Supplied information START

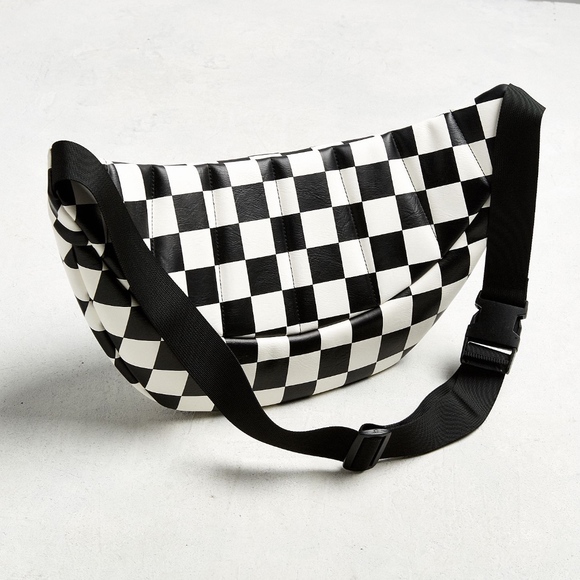 UO UrbanOutfitters Crossbody 2.0 Fanny Pack Sling - Picture 5 of 6
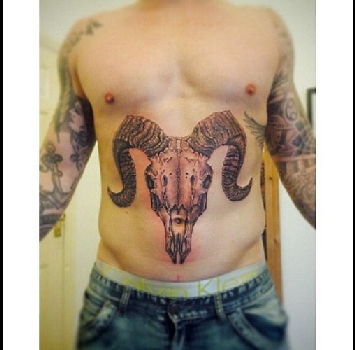 Rugby: Joshua Charnley si è tatuato una testa d'ariete sulla pancia Rugby: Joshua Charnley si è tatuato una testa d'ariete sulla pancia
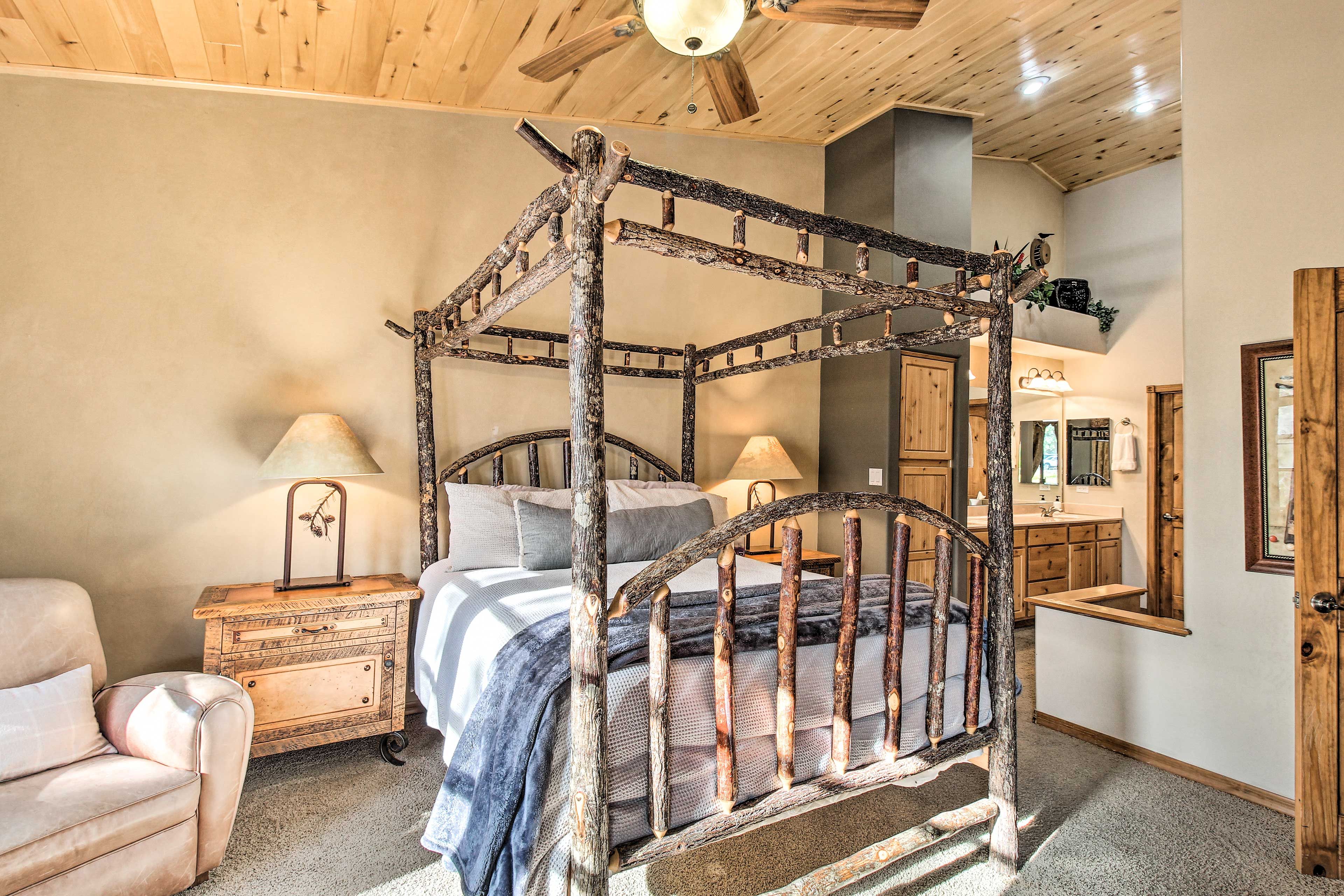 Bedroom 1 | Queen Bed | En-Suite Bathroom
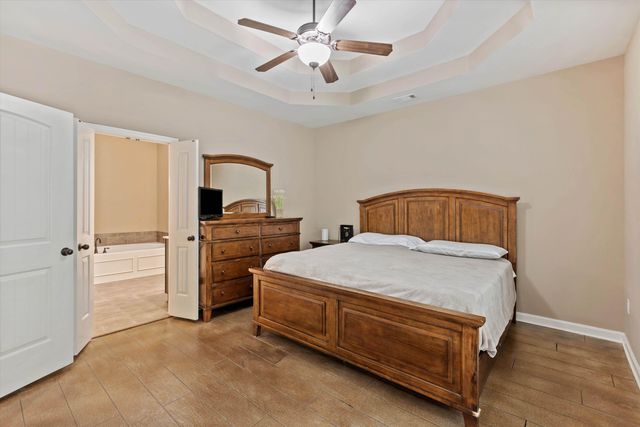 6025 GARRETT VALLEY LN, Arlington, TN 38002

Supplied information END

Work to be completed » Reproduce the listing in full and exactly, excluding any pictures it holds.

Response to this exercise »
 UO UrbanOutfitters Crossbody 2.0 Fanny Pack Sling - Picture 5 of 6
 Rugby: Joshua Charnley si è tatuato una testa d'ariete sulla pancia Rugby: Joshua Charnley si è tatuato una testa d'ariete sulla pancia
 Bedroom 1 | Queen Bed | En-Suite Bathroom
 6025 GARRETT VALLEY LN, Arlington, TN 38002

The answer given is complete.